Highgate Cemetery was opened in 1839 and both halves are still being used for burials today. The West half had fallen into disrepair and you can see so many of the graves are being overtaken by nature. It's lovely none the less. But I'll let the photos speak for themselves. These are all Highgate West.
Apparently this gallery originally had a roof which is now long gone. Our tour guide said that while Victorians were still mad for all things Egypt, they didn't appreciate the Egyptian influence here and no one actually wanted to buy these crypts.
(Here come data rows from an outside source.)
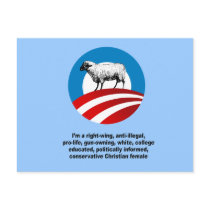 I'm a right wing, conservative chrisitan female postcards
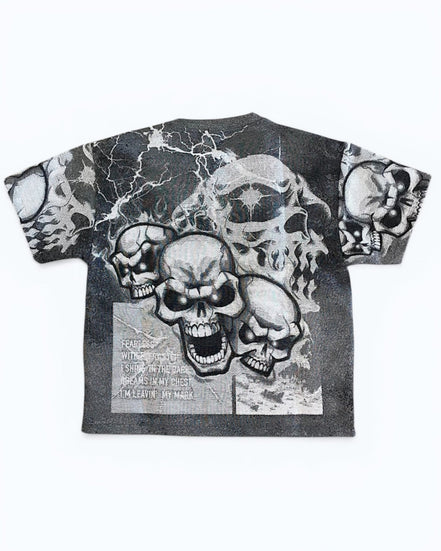 T-shirt with skull design on a white background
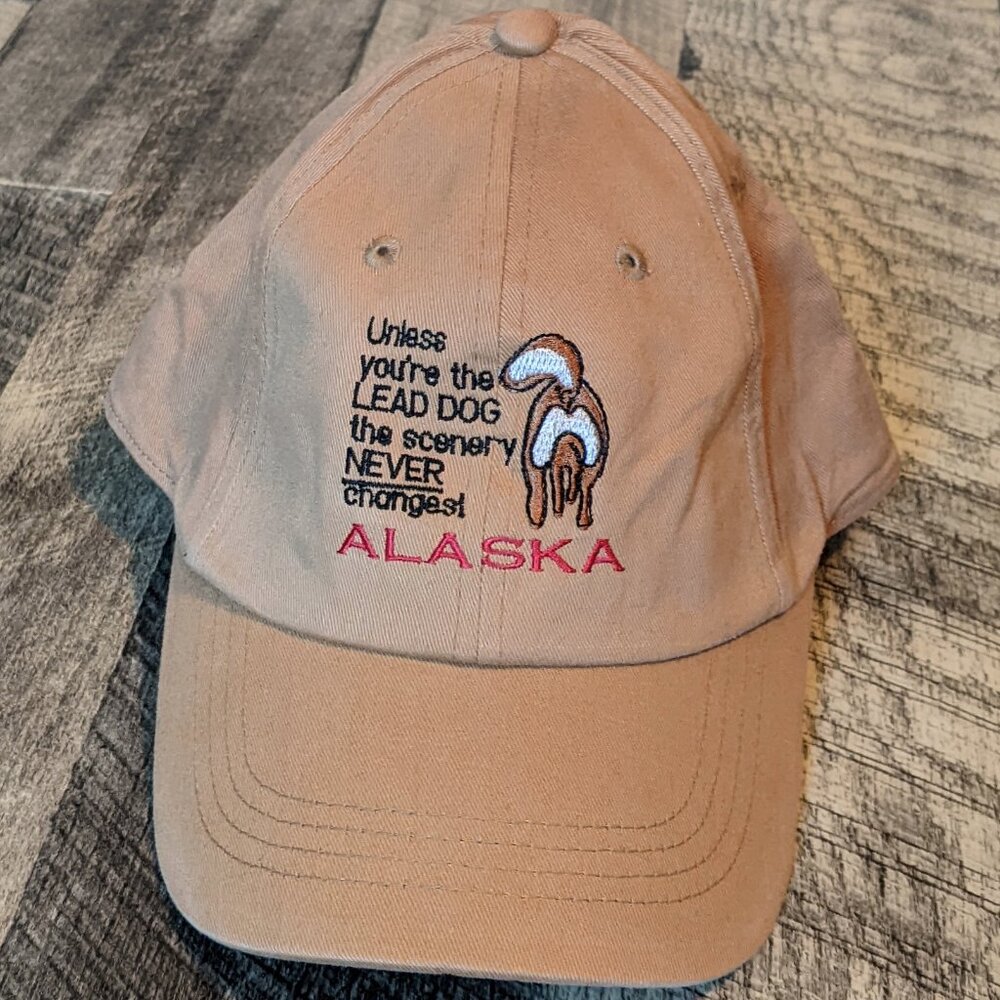 Alaska Dog Sledding Hat Tan Cotton Strapback Baseball Cap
This tree which sits above the crypts a few photos back was there even before the cemetery. By limiting the growth of the roots with the crypts they're proud to say they've inadvertently created a bonsai tree. And I have to admit, it's quite striking. They did take us briefly into some of the other 'catacombs.' I feel they use this term a little freely as they're just more mass crypts. We weren't allowed to take photos in here but it was pretty cool to see some of the nail and design work on some of the coffins.
And here are a few from Highgate East. It felt at times that it would just go on forever. Graves upon graves. In places you can see graves completely taken over by ivy. Though in general, the East half is not as wild as the West.
All of those 'bumps' are actually headstones that have been overgrown.
Now I have to head off to see Harry Potter and the Cursed Child, but tomorrow on the train, I'll fill in the rest of the day. Unfortunately, there aren't many more photos of the day as we weren't allowed. In the meantime, enjoy those above!